The Dehradun-based Survey of India which printed 1,000 initial photolithographic reproductions of the handcrafted Constitution has preserved one of those copies, but it sold the 2 machines that produced those in 2019. As scrap. For Rs 1.5 lakh.

Survey of India (SoI) officials said, as for the lithographic plates, they were also “auctioned to scrap dealers long ago".

The 2 printing machines, the Sovereign & Monarch models manufactured by UK’s RW Crabtree & Sons, used to print the initial copies of the Indian Constitution, were dismantled & sold in 2019, the officials added. A visit to the facility could only unearth a lubrication schedule for the Monarch on one of the walls.

The 1,000 copies were printed in SoI’s Northern Printing Group office located in Hathibarkala area of Dehradun, from the 2 original handwritten copies, using lithograph printing. Calligrapher Prem Behari Narain Raizada (Saxena) wrote the Constitution in English & Vasant Krishna Vaidya wrote it in Hindi.

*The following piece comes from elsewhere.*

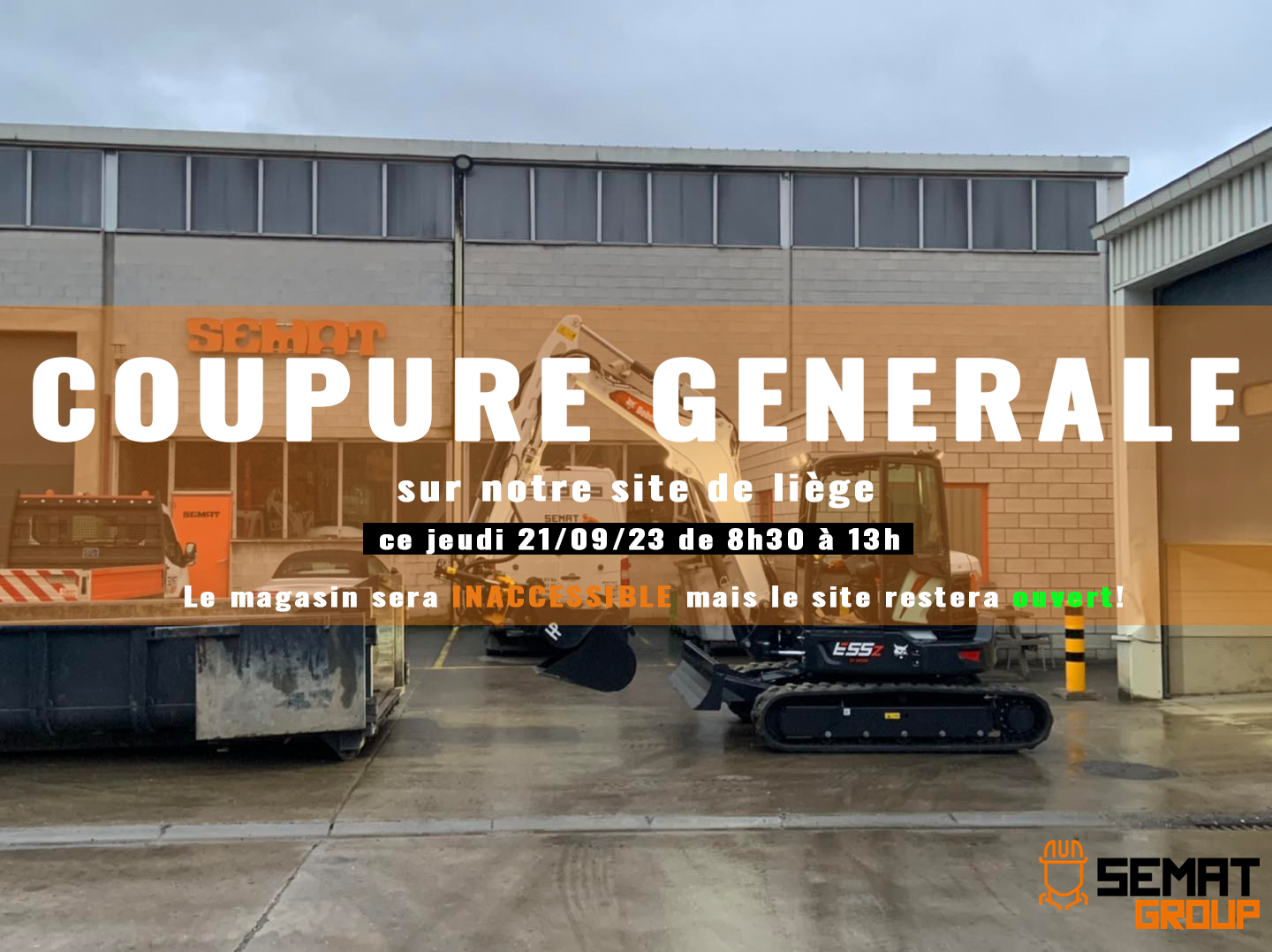 Coupure de courant jeudi 21/09 de 8h30 à 13h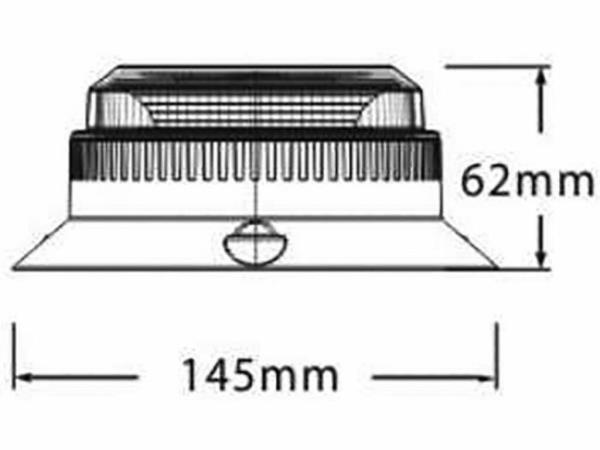 Girofaro base piana 12-24V | 20W | 30 led | Quattro tipologie di flash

The handwritten copies were illustrated by artists Nandalal Bose, Beohar Rammanohar Sinha, & other artists from Santiniketan.

The 1st printed copy was hardbound & is safe in a cupboard of the Northern Printing Division.

However, Lt Gen Girish Kumar (retd), Surveyor General of India, said that the cost of maintaining the 2 lithographic printing machines was very high & the technology was outdated. He added that the machines were dismantled & auctioned at scrap value. The news agency couldn't access the details of the buyers.

Lt Gen Girish Kumar said, “Nowadays with this [current] technology you just cannot use those machines because they are very expensive in working… We definitely take pride in being the premier institution to have printed the first thousand copies of the Indian Constitution, & understand the historical importance of it, but these machines were very big & occupied a lot of space. Also, they were old & conventional, & it took a lot of time to work on".

Kumar added that the Survey of India has “completed 252 years”, which means “ we have a lot of historical legacy & if we start preserving everything like this, the entire department will have a lot of old things”.

To be sure, he added, “we take pride in doing such historically relevant things but then we have to move on…”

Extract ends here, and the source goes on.